A method of and a device for remotely-controlling at least one piece of drill string equipment from an instruction issued from the surface. The method includes issuing from the surface a first information sequence to cause a first predetermined action according to a predetermined sequence, detection of a condition indicative of a second sequence resulting from the first sequence, comparison of this second sequence with another predetermined sequence, and operating the equipment only if there is similarity between the latter two sequences. The method can be applied to actuation of a variable-angle bent element.

Description

BACKGROUND OF THE INVENTION
The present invention relates to a method and a device for remote control of drill string equipment.
In general, such equipment is controlled by an electric cable. However, the use of a cable represents a considerable hindrance for the driller because of the very presence of the cable either inside the drill string or in the annular gap between the drill string and the well walls.
It has been proposed that such control be effected by detecting a flowrate threshold or activation flowrate of an incompressible fluid, as described in Patent FR-2,575,793. Such systems may inadvertently trigger the element to be controlled due to the instability of flows in the drill string.
SUMMARY OF THE INVENTION
The present invention avoids these drawbacks and avoids inadvertent triggering since, according to the present invention, a predetermined sequence of events relation to one or more magnitudes detectable at the bottom of the well (which sequence may also be termed "information sequence") is required before the desired action is triggered.
Such magnitudes may be values linked to the fluid flowing in the drill string or to the mechanical link which the drill string itself constitutes.
The flowrate of fluids circulating in the drill string, the weight on the tool, and/or the rotational speed of the tool could be used.
More generally, the present invention relates to a method of remotely controlling at least one piece of drill string equipment from an instruction issued from the surface, characterized by comprising the following stages:
issuing from the surface a first information sequence, to cause a first action, according to a predetermined sequence,
detection of a second sequence resulting from a condition indicative of the first action, and comparison of this second sequence with another predetermined sequence,
operating the equipment only if there is similarity between the latter two sequences.
It is established that this other sequence differs from the predetermined sequence issued at the surface only by containing any conversions due to the transmission.
The sequences may relate to variations as a function of time in at least one of the following magnitudes: flowrate of drilling fluid, rotational speed of at least part of the drill string, or weight on the tool.
The sequences may also combine two or more of the above magnitudes.
The sequences may concern the flowrate of drilling fluid and may include the flowrate rising from a first flowrate level to a second flowrate level within a given time interval.
The variations in the magnitude or magnitudes may occur in a given minimum time interval and/or a given maximum time interval.

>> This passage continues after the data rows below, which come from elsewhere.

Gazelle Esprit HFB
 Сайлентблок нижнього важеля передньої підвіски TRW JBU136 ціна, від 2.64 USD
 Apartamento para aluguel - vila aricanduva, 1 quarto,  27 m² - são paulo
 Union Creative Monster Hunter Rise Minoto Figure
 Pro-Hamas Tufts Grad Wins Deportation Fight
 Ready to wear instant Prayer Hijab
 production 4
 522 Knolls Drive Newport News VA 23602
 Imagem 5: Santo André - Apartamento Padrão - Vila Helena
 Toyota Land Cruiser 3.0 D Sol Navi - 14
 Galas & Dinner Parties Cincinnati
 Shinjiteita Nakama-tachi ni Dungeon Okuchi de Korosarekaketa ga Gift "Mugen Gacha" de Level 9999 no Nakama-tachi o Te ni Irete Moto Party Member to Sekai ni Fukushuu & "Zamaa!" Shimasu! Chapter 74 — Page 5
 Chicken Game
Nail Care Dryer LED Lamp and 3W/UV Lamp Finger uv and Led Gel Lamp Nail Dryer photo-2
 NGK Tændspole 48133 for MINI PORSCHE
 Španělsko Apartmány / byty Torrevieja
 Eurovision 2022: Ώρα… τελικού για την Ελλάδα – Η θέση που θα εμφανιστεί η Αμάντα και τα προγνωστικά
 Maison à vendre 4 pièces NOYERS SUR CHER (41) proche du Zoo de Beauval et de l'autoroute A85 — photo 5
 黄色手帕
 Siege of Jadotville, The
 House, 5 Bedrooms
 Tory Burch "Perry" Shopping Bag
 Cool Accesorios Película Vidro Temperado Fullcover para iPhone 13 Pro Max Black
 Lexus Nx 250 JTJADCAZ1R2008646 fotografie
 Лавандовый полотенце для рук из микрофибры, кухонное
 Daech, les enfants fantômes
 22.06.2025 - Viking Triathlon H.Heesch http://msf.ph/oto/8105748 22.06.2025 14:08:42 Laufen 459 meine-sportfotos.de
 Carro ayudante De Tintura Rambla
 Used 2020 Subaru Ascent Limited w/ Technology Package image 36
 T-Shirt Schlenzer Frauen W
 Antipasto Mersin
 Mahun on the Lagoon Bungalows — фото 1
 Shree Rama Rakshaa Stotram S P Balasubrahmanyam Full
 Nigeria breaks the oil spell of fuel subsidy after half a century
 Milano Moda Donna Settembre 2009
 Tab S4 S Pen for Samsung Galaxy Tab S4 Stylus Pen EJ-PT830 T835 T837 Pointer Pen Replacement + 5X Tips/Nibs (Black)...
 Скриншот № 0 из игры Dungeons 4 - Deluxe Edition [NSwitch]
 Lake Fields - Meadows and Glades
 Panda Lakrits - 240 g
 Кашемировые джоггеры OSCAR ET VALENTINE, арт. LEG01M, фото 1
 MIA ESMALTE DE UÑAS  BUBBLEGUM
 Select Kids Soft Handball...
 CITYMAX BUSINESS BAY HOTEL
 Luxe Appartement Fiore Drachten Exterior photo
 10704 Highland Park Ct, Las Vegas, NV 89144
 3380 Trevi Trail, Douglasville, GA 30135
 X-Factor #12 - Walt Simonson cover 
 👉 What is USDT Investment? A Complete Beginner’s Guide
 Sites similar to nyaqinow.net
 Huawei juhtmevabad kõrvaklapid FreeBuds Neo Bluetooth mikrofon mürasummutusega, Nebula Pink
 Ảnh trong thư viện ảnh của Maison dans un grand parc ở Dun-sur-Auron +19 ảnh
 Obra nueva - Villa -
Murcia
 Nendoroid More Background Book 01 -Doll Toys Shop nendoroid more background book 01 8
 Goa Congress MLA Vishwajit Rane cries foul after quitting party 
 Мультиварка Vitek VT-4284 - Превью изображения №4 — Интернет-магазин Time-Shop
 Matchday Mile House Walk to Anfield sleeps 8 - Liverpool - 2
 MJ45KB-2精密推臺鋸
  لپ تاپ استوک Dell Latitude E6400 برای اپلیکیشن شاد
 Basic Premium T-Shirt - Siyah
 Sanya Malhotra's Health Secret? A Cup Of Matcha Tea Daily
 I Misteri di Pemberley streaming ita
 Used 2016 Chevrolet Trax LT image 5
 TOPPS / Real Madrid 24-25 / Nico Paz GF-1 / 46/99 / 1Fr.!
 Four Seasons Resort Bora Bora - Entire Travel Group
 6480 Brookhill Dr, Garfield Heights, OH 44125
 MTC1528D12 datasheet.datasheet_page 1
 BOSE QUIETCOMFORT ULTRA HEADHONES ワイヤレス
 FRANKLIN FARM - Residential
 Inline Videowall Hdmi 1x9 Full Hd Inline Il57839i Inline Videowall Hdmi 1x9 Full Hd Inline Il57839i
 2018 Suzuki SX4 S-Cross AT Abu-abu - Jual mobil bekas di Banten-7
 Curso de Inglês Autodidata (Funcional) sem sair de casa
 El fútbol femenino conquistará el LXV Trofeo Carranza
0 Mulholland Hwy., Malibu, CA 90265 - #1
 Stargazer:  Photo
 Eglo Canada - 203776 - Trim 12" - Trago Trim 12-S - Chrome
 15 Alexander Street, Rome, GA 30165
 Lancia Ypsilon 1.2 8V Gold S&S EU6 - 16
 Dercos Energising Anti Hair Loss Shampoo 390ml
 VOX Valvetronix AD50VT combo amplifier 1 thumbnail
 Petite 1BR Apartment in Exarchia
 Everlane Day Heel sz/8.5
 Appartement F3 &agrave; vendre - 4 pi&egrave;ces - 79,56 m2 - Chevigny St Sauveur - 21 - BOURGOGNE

Thus, it is possible according to the present invention to define time windows.
The present invention also relates to a device for remote control of at least one piece of drill string equipment from information transmitted from the surface.
This device comprises information transmitting means and means for detecting said information, the latter being connected to means for actuating said equipment.
The transmitting means may be drilling fluid pumps, the detection means may include a flowmeter and a flow measurement processing module and actuating means that may include at least one solenoid valve.
The solenoid valve may, when energized, place a pressurized oil reservoir in communication with a chamber whose changes in volume causes actuation of the equipment.
The device according to the invention may include a check valve allowing discharge of the oil contained in the chamber into the reservoir when the oil pressure in the oil reservoir is less than the pressure prevailing in the chamber.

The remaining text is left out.